§ **TASK**: Find the line that contains "礼品盒制造厂在生产环节上如何把控包装盒的质量？". Copy it and every line after it to the end of the material below, exactly, with no pictures.
┄┄┄┄┄┄┄┄┄┄┄┄┄┄┄┄┄┄┄┄
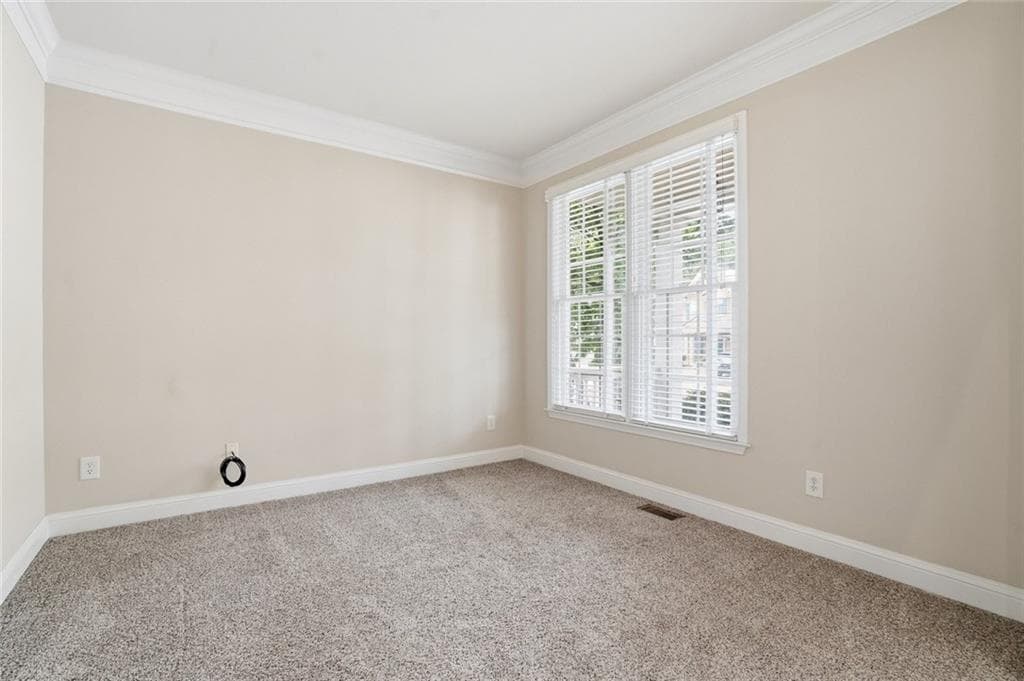 5 bedroom, 5 bathroom, 3,960 sq ft single family residence for sale at 855 Freedom Way, Cumming, GA 30040 — photo 3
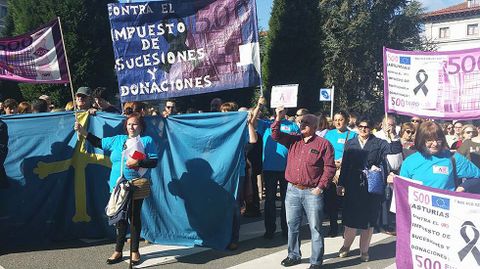 Concentracin en contra del impuesto de sucesiones en Oviedo.Concentracin en contra del impuesto de sucesiones en Oviedo 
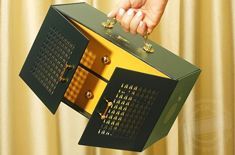 礼品盒制造厂在生产环节上如何把控包装盒的质量？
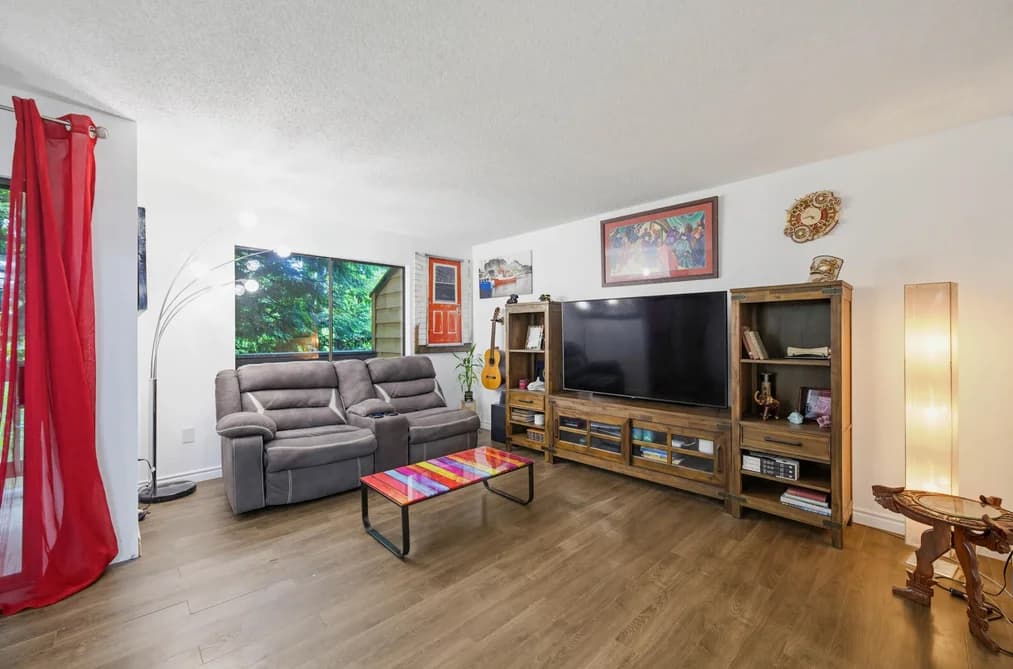 320 CORNELL WAY, Port Moody, BC — Residential for Sale - Photo 2
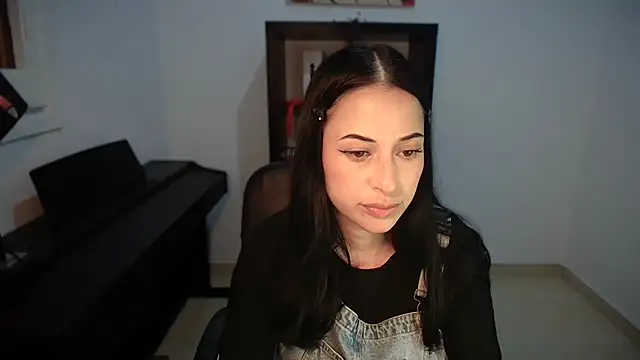 Windy butterfly online show from October 13, 6:19 pm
┄┄┄┄┄┄┄┄┄┄┄┄┄┄┄┄┄┄┄┄
§ **RESPONSE FOR THIS EXERCISE**:
 礼品盒制造厂在生产环节上如何把控包装盒的质量？
 320 CORNELL WAY, Port Moody, BC — Residential for Sale - Photo 2
 Windy butterfly online show from October 13, 6:19 pm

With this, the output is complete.